An overview of Trastuzumab
- A decade ago, the monoclonal antibody was measured only to estimate prognoses. In 1990, an anti-monoclonal antibody was developed by the innovator of Trastuzumab, blocking the tumour-stimulating impacts of the HER2 gene. The anti-monoclonal body was referred to as Trastuzumab or Herceptin, used to treat metastatic diseases of patients
- Although the innovator of Trastuzumab witnessed a huge success in the metastatic treatment process, the crowd’s attention turned towards the application of the biosimilar medicine in an adjuvant setting mostly provided after breast cancer surgery. The adjuvant Trastuzumab found similar success as in the metastatic setting. Consequently, the biosimilar drug progressed the tumour shrinkage given before neoadjuvant therapy. The developers of the oncology biosimilars at Genentech led the development of Herceptin through their efforts and research
- The monoclonal antibody was developed as a life-saving therapy for women, reducing the risk of recurrence of metastatic and early-stage diseases. The major benefit associated with the biosimilar medicine was their lower prices, suggested by the innovator of Trastuzumab
- The biosimilar medicine received its approval from the World Health Organization with the same motive of making an affordable life-saving treatment for women dealing with breast cancer. It is the most common cancer that takes place in women and is expensive at the same time. However, WHO approved the medicine to make this expensive treatment affordable for everyone. In 2022 there will be 1.9 million new cases estimated to occur by the end of the year. 2.3 million breast cancer cases were contracted in 2020. 6,85,000 died due to lack of access to affordable treatment and late diagnosis
- WHO included the monoclonal antibody, i.e., Trastuzumab, in its essential medicines list in 2015 as part of the necessary treatment for 20% of breast cancer. The drug has shown great efficacy in recovery from the early stage of breast cancer and sometimes in advanced forms of the disease
- The qualification of Trastuzumab by WHO is a ray of hope for women across the globe. Many women in different cultures face gender disparity while accessing health services. In undeveloped countries, the lack of access to treatment and the heavy cost of medicinal products burden the patients.
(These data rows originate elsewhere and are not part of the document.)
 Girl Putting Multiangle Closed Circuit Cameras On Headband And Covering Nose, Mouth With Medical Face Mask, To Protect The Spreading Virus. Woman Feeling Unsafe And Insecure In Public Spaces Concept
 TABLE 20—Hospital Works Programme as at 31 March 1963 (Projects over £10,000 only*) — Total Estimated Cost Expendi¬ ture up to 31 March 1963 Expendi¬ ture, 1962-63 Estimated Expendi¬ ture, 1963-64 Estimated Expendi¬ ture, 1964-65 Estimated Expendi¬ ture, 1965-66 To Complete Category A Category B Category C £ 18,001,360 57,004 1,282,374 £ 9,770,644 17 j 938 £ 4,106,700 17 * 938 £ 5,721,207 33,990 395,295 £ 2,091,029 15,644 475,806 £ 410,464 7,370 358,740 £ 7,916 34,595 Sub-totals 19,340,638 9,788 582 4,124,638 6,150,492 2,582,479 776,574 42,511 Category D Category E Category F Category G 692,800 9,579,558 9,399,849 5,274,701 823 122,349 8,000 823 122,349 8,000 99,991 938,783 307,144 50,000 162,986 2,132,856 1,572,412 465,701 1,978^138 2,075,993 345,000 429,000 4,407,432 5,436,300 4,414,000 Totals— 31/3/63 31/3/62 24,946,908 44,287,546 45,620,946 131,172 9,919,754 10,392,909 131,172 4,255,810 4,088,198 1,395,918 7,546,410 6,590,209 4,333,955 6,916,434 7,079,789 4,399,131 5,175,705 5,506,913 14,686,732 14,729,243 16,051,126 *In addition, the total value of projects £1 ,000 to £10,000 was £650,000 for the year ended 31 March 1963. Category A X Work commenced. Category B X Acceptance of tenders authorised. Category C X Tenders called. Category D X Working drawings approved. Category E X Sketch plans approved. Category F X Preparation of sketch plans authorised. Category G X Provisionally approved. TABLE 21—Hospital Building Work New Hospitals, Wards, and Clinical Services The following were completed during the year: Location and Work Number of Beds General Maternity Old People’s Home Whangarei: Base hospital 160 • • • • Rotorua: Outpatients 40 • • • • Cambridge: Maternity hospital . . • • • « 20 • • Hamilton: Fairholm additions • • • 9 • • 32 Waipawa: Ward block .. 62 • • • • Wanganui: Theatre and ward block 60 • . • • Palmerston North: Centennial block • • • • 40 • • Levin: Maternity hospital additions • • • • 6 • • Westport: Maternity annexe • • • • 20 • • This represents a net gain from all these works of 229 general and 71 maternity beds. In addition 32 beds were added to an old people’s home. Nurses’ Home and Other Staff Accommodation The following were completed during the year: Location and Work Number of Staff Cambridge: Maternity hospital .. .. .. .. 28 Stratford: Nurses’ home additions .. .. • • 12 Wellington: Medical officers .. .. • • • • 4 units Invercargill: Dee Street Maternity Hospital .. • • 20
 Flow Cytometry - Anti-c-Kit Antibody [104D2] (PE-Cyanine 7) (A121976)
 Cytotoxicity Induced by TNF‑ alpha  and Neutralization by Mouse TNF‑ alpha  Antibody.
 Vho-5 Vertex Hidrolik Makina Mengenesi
A low-cost breast cancer treatment should be the right for every woman. The innovator of Trastuzumab, i.e., the Genentech company, derived the total cost of the biosimilar medicine of $20,000, putting it far away from the reach of several women. The trastuzumab biosimilar’s version is 65% cheaper in the listing of WHO than the developers
- Biosimilars are an essential option to provide easy access to high-cost treatments, especially for women dealing with breast cancer. Although, the treatment with biosimilar medicine has certain limitations in the medical community regarding its extrapolation, safety, immunogenicity and switching treatment regimens. The qualification of Trastuzumab by WHO assures all countries that they buy a high-quality health product
- According to a recent study, many women didn’t initiate their cancer treatment due to the high treatment cost, being the major barrier to not getting the treatment within one year of diagnosis. Shedding light on the subject matter, WHO says the number diagnosed with breast cancer will rise to 3.1 million by 2040, with a great increase in middle and low-income countries. The availability of biosimilar medicine has made the innovative treatments affordable for everyone with its decreased prices, keeping the safety of people in mind
Conclusion
Breast cancer is the most common form of cancer in women due to genetic factors, obesity, consuming too much alcohol, etc. Breast cancer treatment is generally very high and unaffordable for many women. The innovator of Trastuzumab and the approval of the biosimilar medicine by WHO removed the cost-related concern for breast cancer treatment in women. It is the first biosimilar medicine to get WHO approval for the treatment, ensuring the purchase of healthy medicinal products for low and middle-income countries to provide affordable treatment to patients in their regions.